Curation level information was recorded starting in 2017 and is available for 1,125 studies (11%); approximately 80% of studies with assigned curation levels received curation services, equally distributed between Levels 1 (least intensive), 2 (moderately intensive), and 3 (most intensive) (Fig.  3 ). Detailed descriptions of ICPSR’s curation levels are available online 35 . Additional metadata are available for a subset of 421 studies (4%), including information about whether the study has a single PI, an institutional PI, the total number of PIs involved, total variables recorded is available for online analysis, has searchable question text, has variables that are indexed for search, contains one or more restricted files, and whether the study is completely restricted. We provided additional metadata for this subset of ICPSR studies because they were released within the past five years and detailed curation and usage information were available for them. Usage statistics including total downloads and data file downloads are available for this subset of studies as well; citation statistics are available for 8,030 studies (76%). Most ICPSR studies have fewer than 500 users, as indicated by total downloads, or citations (Fig.  4 ).

figure 3

ICPSR study curation levels.

figure 4

ICPSR study usage.

A subset of 43,102 publications (45%) available in the ICPSR Bibliography had a DOI. Author metadata were entered as free text, meaning that variations may exist and require additional normalization and pre-processing prior to analysis. While author information is standardized for each publication, individual names may appear in different sort orders (e.g., “Earls, Felton J.” and “Stephen W. Raudenbush”). Most of the items in the ICPSR Bibliography as of 2021-11-16 were journal articles (59%), reports (14%), conference presentations (9%), or theses (8%) (Fig.  5 ). The number of publications collected in the Bibliography has increased each decade since the inception of ICPSR in 1962 (Fig.  6 ). Most ICPSR studies (76%) have one or more citations in a publication.

figure 5

ICPSR Bibliography citation types.

figure 6

ICPSR citations by decade.

Usage Notes

The dataset consists of three tables that can be joined using the “STUDY” key as shown in Fig.  2 . The “ICPSR_PAPERS” table contains one row per paper with one or more cited studies in the “STUDY_NUMS” column. We manipulated and analyzed the tables as CSV files with the Pandas library 36 in Python and the Tidyverse packages 37 in R.

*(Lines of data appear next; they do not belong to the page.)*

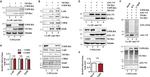 c-Myc Antibody in Western Blot, Immunoprecipitation (WB, IP)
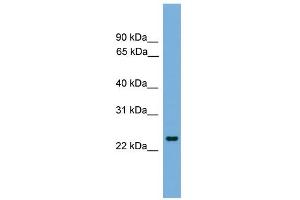 WB Suggested Anti-FEV Antibody Titration: 0. (FEV antibody  (N-Term))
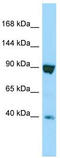 ITPR Interacting Domain Containing 2 antibody, TA331231, Origene, Western Blot image 
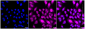 KD-Validated Anti-BubR1 Rabbit Monoclonal Antibody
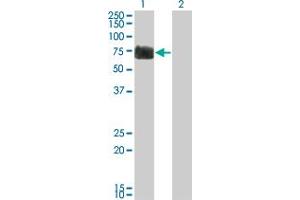 Western Blot analysis of RTN2 expression in transfected 293T cell line by RTN2 monoclonal antibody (M05), clone 6A11. (Reticulon 2 anticorps  (AA 1-100))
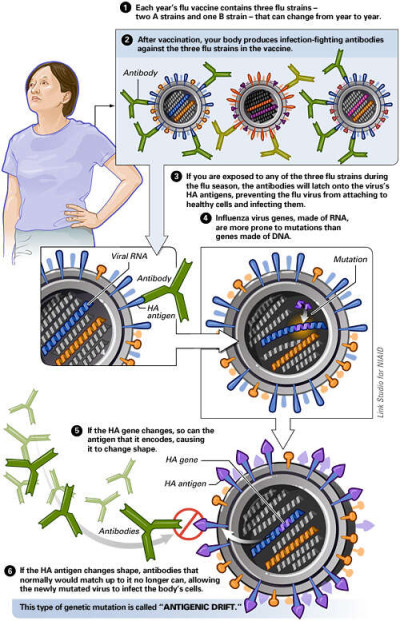 Antigenic Drift of the Flu Virus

The present MICA dataset can be used independently to study the relationship between curation decisions and data reuse. Evidence of reuse for specific studies is available in several forms: usage information, including downloads and citation counts; and citation contexts within papers that cite data. Analysis may also be performed on the citation network formed between datasets and papers that use them. Finally, curation actions can be associated with properties of studies and usage histories.

This dataset has several limitations of which users should be aware. First, Jira tickets can only be used to represent the intensiveness of curation for activities undertaken since 2017, when ICPSR started using both Curation Levels and Jira. Studies published before 2017 were all curated, but documentation of the extent of that curation was not standardized and therefore could not be included in these analyses. Second, the measure of publications relies upon the authors’ clarity of data citation and the ICPSR Bibliography staff’s ability to discover citations with varying formality and clarity. Thus, there is always a chance that some secondary-data-citing publications have been left out of the bibliography. Finally, there may be some cases in which a paper in the ICSPSR bibliography did not actually obtain data from ICPSR. For example, PIs have often written about or even distributed their data prior to their archival in ICSPR. Therefore, those publications would not have cited ICPSR but they are still collected in the Bibliography as being directly related to the data that were eventually deposited at ICPSR.

In summary, the MICA dataset contains relationships between two main types of entities – papers and studies – which can be mined. The tables in the MICA dataset have supported network analysis (community structure and clique detection) 30 ; natural language processing (NER for dataset reference detection) 32 ; visualizing citation networks (to search for datasets) 38 ; and regression analysis (on curation decisions and data downloads) 29 . The data are currently being used to develop research metrics and recommendation systems for research data. Given that DOIs are provided for ICPSR studies and articles in the ICPSR Bibliography, the MICA dataset can also be used with other bibliometric databases, including DataCite, Crossref, OpenAlex, and related indexes. Subscription-based services, such as Dimensions AI, are also compatible with the MICA dataset. In some cases, these services provide abstracts or full text for papers from which data citation contexts can be extracted for semantic content analysis.

Code availability

The code 27 used to produce the MICA project dataset is available on GitHub at https://github.com/ICPSR/mica-data-descriptor and through Zenodo with the identifier https://doi.org/10.5281/zenodo.8432666 . Data manipulation and pre-processing were performed in Python. Data curation for distribution was performed in SPSS.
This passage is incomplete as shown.